Wer starrt schon den Grenzzaun an? Niemand. Nur Spinner. Alle anderen fuhren achtlos vorbei. Es war so einfach, in den 80er Jahren dem anderen Deutschland den Rücken zu kehren. Die prägenden Milieus der Bundesrepublik hatten sich längst in der Zweistaatlichkeit eingerichtet, wer heute etwas anderes erzählt, der lügt. Politiker aller Parteien machten am Ende gute Geschäfte mit der DDR. Schulklassen fuhren nur pflichtschuldig rüber.

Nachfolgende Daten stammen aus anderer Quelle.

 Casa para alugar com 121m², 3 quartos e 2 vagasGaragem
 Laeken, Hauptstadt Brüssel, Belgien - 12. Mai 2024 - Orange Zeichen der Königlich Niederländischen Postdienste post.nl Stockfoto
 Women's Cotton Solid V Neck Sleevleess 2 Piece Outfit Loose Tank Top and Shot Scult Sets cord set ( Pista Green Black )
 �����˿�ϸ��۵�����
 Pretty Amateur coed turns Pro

Die mahnenden Schilder aus der ersten Zeit nach dem Mauerbau („Auch drüben ist Deutschland!“) standen zwar noch da, aber sie lösten nur noch peinlich berührtes Grinsen aus. Deutsche Einheit? Etwas für Ewiggestrige.

Jürgen Ritter konnte aber nicht wegschauen. „Alle paar Tage hat man gehört: Da ist jemand geflüchtet, es wurde geschossen, jemand ist auf eine Mine getreten.“ Während eines verregneten Urlaubs auf Fehmarn setzte er sich Anfang der Achtziger ins Auto, fuhr nach Hamburg und kaufte sich eine Spiegelreflexkamera, die im Angebot war. „Ganz schwarz, von der Firma Yaschica“, erzählt er heute – und diese Kamera wird, das kann man ohne Übertreibung sagen, sein Leben in eine neue Richtung lenken.

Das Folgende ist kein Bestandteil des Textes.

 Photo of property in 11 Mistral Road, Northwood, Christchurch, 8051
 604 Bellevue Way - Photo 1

Er beginnt, Bilder von der innerdeutschen Grenze und der Mauer in Berlin zu schießen. Über 40.000 Aufnahmen werden es am Ende sein. Schon nach seiner ersten Ausstellung in Bad Bevensen 1981, in der sich die Grenzbilder noch mit anderen Motiven mischten – humorvollen Szenen (Baby im Kinderwagen und im Netz darunter liegt ein hochschwangerer Dackel) und Impressionen aus der Lüneburger Heide – ahnt er, was seine Bilder von der schwerbewachten Grenze auslösen, welche die DDR zynisch „Antifaschistischer Schutzwall“ nennt, deren perfide Abwehr- und Tötungsmechanismen sich aber nur nach innen richten, nur gegen die eigenen Leute.

„Ich wusste, du kannst mit Bildern Betroffenheit auslösen“, sagt der heute 66-Jährige. Damals nahm er seine schwere Kameraausrüstung und wanderte entschlossen nach und nach die Grenze ab, alles zu Fuß, und machte tausende Bilder. Aus ihnen ist jetzt ein Bildband entstanden, „Deutschland grenzenlos“, natürlich pünktlich zum 25. Jahrestag des Mauerfalls und der deutschen Einheit.

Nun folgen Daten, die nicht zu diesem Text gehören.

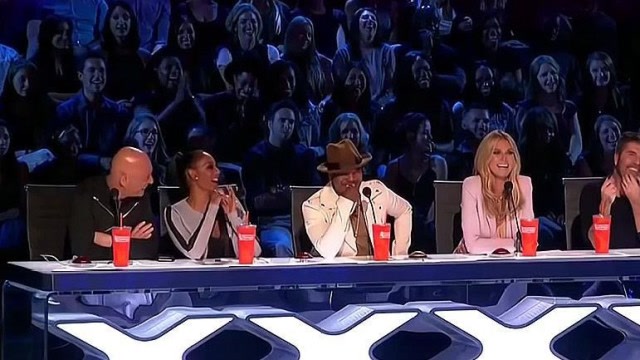 英国达人秀:一位七星级的喜剧演员,把评委们笑得直不起腰来!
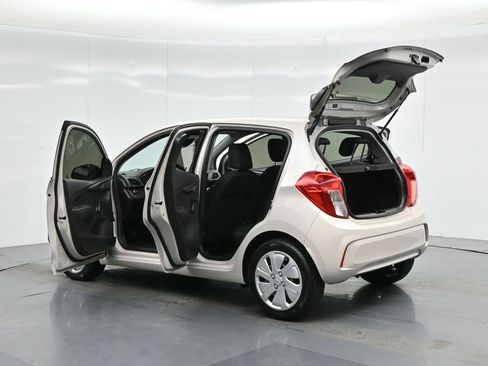 Used 2018 Chevrolet Spark LS image 33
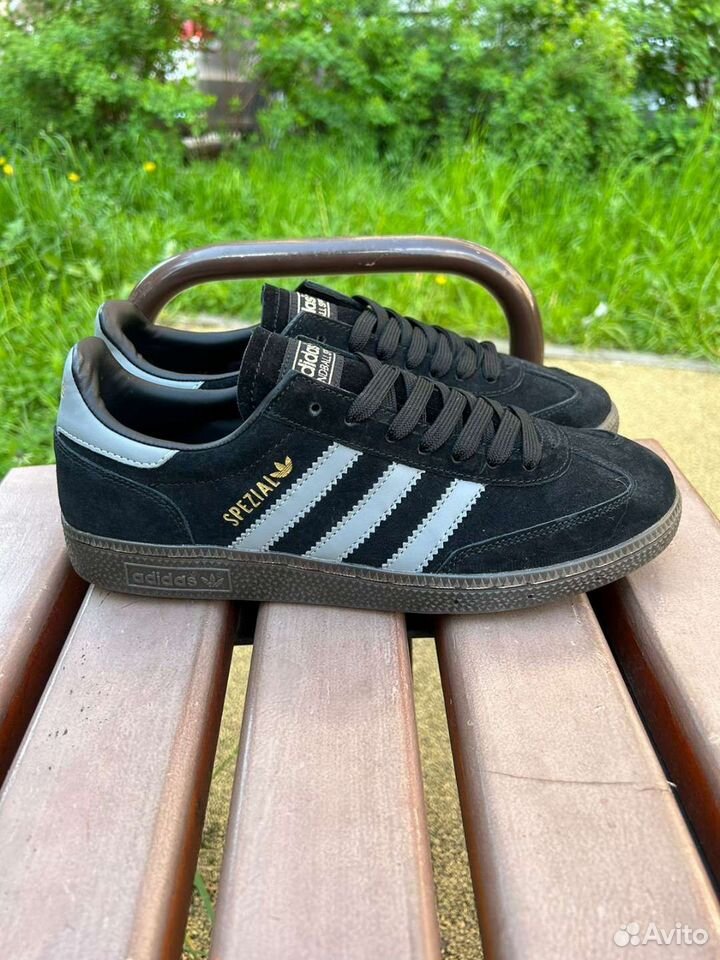 adidas Spezial 90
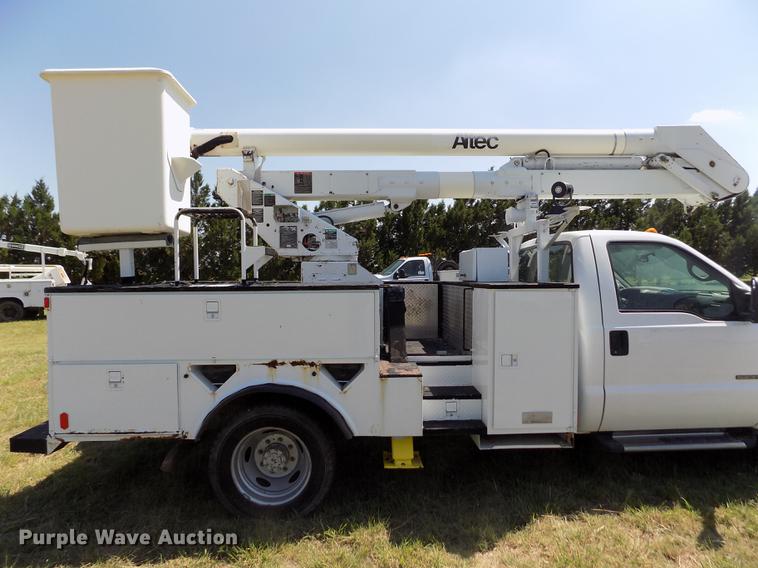 image for item DD5786 2002 Ford F550 Super Duty bucket truck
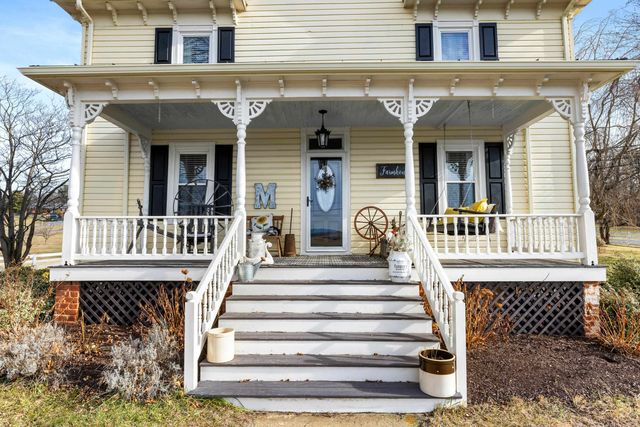 955 ENTRY SCHOOL RD, Fishersville, VA 22939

Das Buch spielt mit heute und gestern. Denn zwei Jahrzehnte nach dem Mauerfall ging Jürgen Ritter zurück an die Orte von damals – dorthin, wo das eine Deutschland endete und das andere begann – und nahm die gleiche Position ein, suchte den gleichen Winkel und fotografierte die Orte neu. So entstand ein eindrücklicher Vorher-Nachher-Effekt, der immer wieder den Irrsinn der deutschen Teilung vor Augen führt.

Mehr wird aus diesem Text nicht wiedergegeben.